Dem Hass die Stirn bieten

Der neue Labour-Chef Keir Starmer spricht vor den jüdischen Genossen

von Daniel Zylbersztajn-Lewandowski  03.12.2020 08:27 Uhr

»Ich kann Ihnen nicht sagen, wie enttäuscht ich über die Worte des ehemaligen Parteivorsitzenden war», erklärte am Sonntag Keir Starmer, seit April Chef der Labour-Partei. Seine Bemerkung galt Jeremy Corbyn.

Dieser hatte am 29. Oktober, kurz nachdem die britische Gleichberechtigungs- und Menschenrechtskommission (EHRC) ihren Bericht über den Antisemitismus in der Partei veröffentlicht hatte, erklärt, der Antisemitismus in der Partei werde überspitzt dargestellt. «Es ist eine Situation, in der ich nicht sein wollte», sagte Starmer vor mehr als 650 zugeschalteten Teilnehmern einer eintägigen «Zoom»-Konferenz der britischen jüdischen Arbeiterbewegung Jewish Labour Movement (JLM).
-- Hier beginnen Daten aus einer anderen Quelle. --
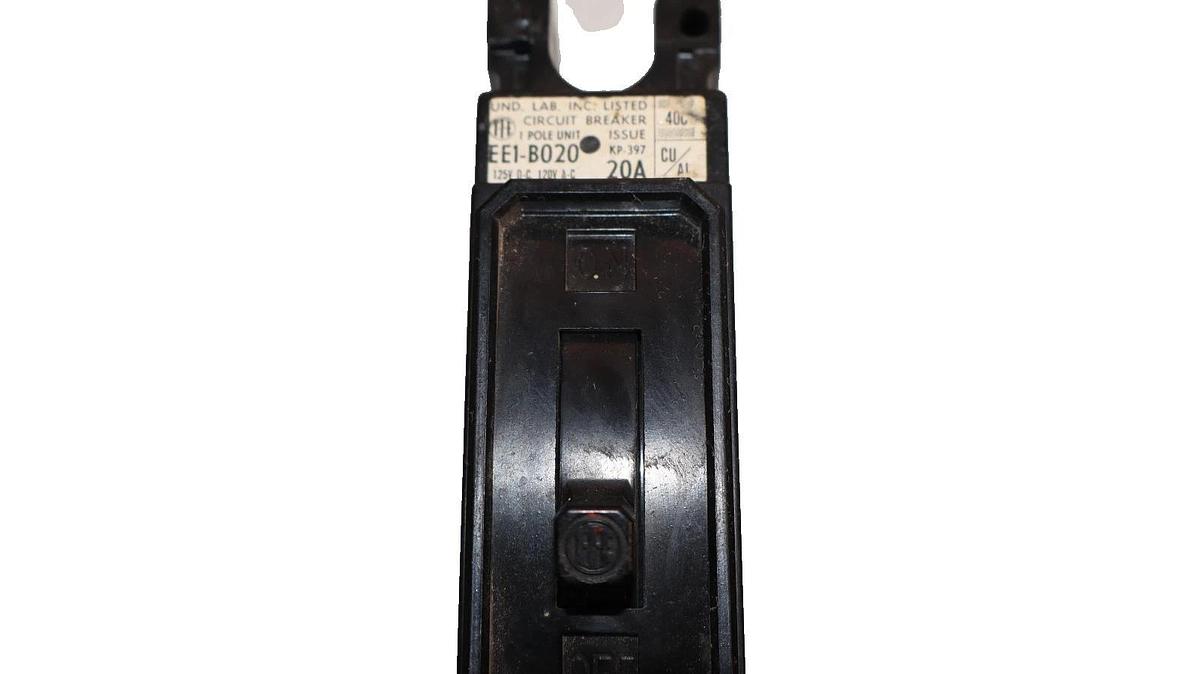 Used Siemens I-T-E Circuit Breaker 20A 20 Amp EE1-B020 120V EE1B020 (Lot of 6)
schritte Seiner Meinung nach würden die nächsten Schritte deswegen schwerer sein. «Ich hatte gehofft, dass der 29. Oktober den Opfern des Hasses gilt. Stattdessen richtete sich alle Aufmerksamkeit auf ihn selbst», bemerkte Starmer, der auf der Konferenz im Gespräch mit der jüdischen Labour-Abgeordneten Ruth Smeeth auftrat.

Bis zum 10. Dezember muss die Partei einen Maßnahmenplan erstellen.
In dem Bericht der EHRC wird festgestellt, dass Labour gegen das britische Gleichberechtigungsgesetz verstoßen hat, indem auf antisemitische Vorfälle nicht adäquat reagiert wurde, ja, dass sich das Büro von Parteichef Corbyn in einige Verfahren sogar persönlich einmischte.

Laut dem Bericht stellen die erwähnten Fälle nur die Spitze des Eisbergs dar. Die Partei müsse jetzt sofort handeln. Labour ist die zweite politische Partei überhaupt, die von der EHRC untersucht wurde – die erste war die britische Nazipartei BNP.

BESCHWERDE Starmer dankte dem JLM für seine Einladung. Es mag als Schritt zur Normalisierung der Beziehungen zwischen Labour und den britischen Juden verstanden werden, denn die 1903 gegründete Bewegung war Mitkläger der EHRC-Beschwerde gegen die Partei. 2019 hatte sie sogar den Entschluss fassen müssen, Labour bei den Unterhauswahlen nicht zu unterstützen.

Nachdem der Parteivorstand Jeremy Corbyn Ende Oktober für seine Bemerkung, der Antisemitismus werde überspitzt dargestellt, vorübergehend aus der Partei ausgeschlossen hatte, begannen erneute Angriffe auf jüdische Parteimitglieder.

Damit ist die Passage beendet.